Alastair Crooke – 22 de junho de 2022 – [Traduzido por Vila Mandinga]

 
O futuro da Europa parece sombrio. Está agora pressionado pelas sanções que a própria Europa impôs e pelo salto que delas resultou, nos preços das commodities. A UE zanza atordoada, de um lado para o outro.


A autodestruição do Ocidente – quebra-cabeça que desafia qualquer explicação causal única – continua. Exemplos em que a política é seguida com aparente indiferença a qualquer coisa que se assemelhe a reflexão rigorosa, tornaram-se tão extremos, que levaram um antigo comandante militar britânico (e antigo comandante das forças da OTAN no Afeganistão), Lord Richards, a esbravejar que a relação entre estratégia e qualquer a sincronização de fins foi irremediavelmente rompida no Ocidente.

O Ocidente persegue uma ‘estratégia’ de tipo “p’ra ver como é que fica”, ou, dito de outro modo, não persegue estratégia alguma, argumenta Richards. Muitos diriam que algum culto, de rotação implacável, desenfreada e de avançada perpétua asfixiou as faculdades críticas dominantes. Como é possível que o Ocidente, inundado de ‘think-tanks’, erre tanto, tão invariavelmente? Por que ninguém ou quase ninguém desafia tantos memes e ilusões fáceis, que circulam por aí como se fossem geopolítica? Só a reverência aos pés das narrativas oficiais e convencionais conta. É desconcertante, mas a reverência vai virando rotina, aparentemente sem que ninguém veja os riscos nela implicados.

O epicentro chave da crescente instabilidade geopolítica de hoje é o estado da economia ocidental: as autoridades foram e são tão complacentes – convencidas de que a inflação jamais agitaria as águas da economia dos EUA baseada em moeda de reserva –, que chegaram a dar por ‘erradicada’ a recessão cíclica; nunca mais voltaria a macular a esfera (eleitoral) do consumidor, graças a uma ‘vacina’ (imprimir dinheiro; além disso, de qualquer forma, o aumento da dívida ‘não importa’.

Essa visão simplória assumia que o ‘status de reserva’ [do dólar], só ele e por si só erradicaria a inflação.

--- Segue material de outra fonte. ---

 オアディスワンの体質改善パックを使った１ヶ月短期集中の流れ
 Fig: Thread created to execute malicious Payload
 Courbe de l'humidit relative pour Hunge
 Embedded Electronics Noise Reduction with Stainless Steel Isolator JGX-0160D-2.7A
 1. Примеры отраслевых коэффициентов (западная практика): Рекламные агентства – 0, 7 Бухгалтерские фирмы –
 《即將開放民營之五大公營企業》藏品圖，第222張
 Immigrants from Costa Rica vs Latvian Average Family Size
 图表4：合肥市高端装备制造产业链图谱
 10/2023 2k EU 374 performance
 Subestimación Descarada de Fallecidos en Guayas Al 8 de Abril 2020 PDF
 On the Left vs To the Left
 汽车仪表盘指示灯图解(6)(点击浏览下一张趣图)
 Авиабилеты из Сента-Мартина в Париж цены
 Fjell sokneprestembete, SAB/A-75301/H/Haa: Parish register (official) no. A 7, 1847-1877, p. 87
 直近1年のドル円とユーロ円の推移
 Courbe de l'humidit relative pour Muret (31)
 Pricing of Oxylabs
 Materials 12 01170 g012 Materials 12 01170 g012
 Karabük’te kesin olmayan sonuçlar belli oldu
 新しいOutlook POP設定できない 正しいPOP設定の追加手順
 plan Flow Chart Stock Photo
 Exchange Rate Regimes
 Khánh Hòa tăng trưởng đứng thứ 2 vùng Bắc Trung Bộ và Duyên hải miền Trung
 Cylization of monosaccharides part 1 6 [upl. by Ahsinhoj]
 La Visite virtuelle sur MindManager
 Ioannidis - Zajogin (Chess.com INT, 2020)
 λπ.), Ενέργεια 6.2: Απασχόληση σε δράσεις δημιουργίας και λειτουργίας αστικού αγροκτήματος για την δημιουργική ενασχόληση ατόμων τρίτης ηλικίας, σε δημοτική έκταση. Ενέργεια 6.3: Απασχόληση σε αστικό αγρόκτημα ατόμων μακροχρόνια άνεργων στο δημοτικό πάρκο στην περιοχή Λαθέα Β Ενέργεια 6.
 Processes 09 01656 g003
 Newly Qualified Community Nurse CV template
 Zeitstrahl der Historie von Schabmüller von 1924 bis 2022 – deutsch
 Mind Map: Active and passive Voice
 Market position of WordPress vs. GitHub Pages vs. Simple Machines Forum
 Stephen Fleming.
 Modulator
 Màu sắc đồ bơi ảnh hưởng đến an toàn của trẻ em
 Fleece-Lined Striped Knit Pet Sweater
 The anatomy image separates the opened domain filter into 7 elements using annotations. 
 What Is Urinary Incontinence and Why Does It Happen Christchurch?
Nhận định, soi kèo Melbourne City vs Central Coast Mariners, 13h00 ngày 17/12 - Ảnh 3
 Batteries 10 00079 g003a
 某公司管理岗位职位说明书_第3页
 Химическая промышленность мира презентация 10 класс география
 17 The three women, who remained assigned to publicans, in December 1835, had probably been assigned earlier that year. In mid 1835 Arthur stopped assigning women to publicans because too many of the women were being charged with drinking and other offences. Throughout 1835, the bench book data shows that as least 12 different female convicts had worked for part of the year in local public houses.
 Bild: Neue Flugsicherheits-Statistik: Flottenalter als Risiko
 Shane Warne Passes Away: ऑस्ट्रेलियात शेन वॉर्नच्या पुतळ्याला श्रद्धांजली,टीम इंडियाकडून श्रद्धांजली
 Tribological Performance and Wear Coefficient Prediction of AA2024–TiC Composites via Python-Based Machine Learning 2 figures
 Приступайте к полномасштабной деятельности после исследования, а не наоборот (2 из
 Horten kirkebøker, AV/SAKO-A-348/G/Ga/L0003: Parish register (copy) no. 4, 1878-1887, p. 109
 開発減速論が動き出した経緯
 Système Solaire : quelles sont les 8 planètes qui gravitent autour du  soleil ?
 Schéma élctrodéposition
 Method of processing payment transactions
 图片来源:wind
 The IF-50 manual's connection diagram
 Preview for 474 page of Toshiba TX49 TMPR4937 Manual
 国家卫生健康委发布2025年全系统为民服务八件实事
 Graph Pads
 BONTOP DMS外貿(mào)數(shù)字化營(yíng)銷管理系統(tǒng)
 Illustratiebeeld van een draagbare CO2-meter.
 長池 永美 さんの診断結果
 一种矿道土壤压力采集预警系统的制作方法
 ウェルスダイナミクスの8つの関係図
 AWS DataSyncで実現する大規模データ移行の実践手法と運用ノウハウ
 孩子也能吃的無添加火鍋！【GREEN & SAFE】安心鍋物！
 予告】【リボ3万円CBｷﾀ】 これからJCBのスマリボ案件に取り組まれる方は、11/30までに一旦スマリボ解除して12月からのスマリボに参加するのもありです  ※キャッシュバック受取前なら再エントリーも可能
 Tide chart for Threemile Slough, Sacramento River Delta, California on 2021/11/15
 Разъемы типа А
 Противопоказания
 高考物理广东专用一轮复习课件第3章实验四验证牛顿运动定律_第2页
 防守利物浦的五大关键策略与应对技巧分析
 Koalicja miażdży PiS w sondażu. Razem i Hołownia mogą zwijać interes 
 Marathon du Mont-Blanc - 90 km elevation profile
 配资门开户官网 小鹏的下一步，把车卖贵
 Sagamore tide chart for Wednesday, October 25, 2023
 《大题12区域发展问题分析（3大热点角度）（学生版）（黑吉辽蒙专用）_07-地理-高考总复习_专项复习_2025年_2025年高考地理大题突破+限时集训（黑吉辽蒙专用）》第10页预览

E para o exterior, haveria para sempre o sistema petrodólar, obrigando o mundo inteiro a comprar dólares para financiar suas necessidades; foi a enxurrada de itens de consumo chineses baratos; e a energia barata disponibilizada para a indústria ocidental pela Rússia e pelos Estados do Golfo… que mantiveram a inflação sob controle.

Os gastos do governo ocidental ‘chegaram à Lua’ após a crise de 2008; simplesmente explodiram durante os bloqueios do Covid. Então, em seguida – num episódio de visão geoestratégica caolha – aquela energia barata e aqueles outros recursos vitais que sustentam a produtividade econômica… foram descuidadamente sancionados. Foram até ameaçados de banimento.

Os usuários de lentes cor-de-rosa para Energy Transition simplesmente se recusaram a reconhecer que se consome energia para gerar e extrair energia gerada. E que é indispensável obter um número REEI (Retorno em Energia sobre Energia Investida) maior que sete e múltiplos de sete.** Ou a sociedade moderna não funciona.

Agora estamos vendo as consequências: inflação desenfreada, e o Ocidente correndo pelo mundo à procura de alternativas baratas que não ‘quebrem a banca’. Infelizmente, esses recursos são escassos. Qual a implicação geopolítica disso tudo? Em três palavras: extrema fragilidade sistêmica.

Essa extrema fragilidade sistêmica já pôs completamente abaixo a política doméstica dos EUA. Contudo, nem aumentar as taxas de juros, nem destruir a demanda (derrubando o valor dos ativos) conseguirá ‘curar’ a inflação estrutural.

Os economistas ocidentais continuam obcecados com os efeitos monetários sobre a demanda. Com isso, ficam impedidos de reconhecer as consequências de atacar com marteladas de guerra comercial, um complexo sistema de rede.

A dor social será imensa. Muitos norte-americanos já estão tendo de comprar sua comida com cartões de crédito já quase esgotados. E só vai piorar.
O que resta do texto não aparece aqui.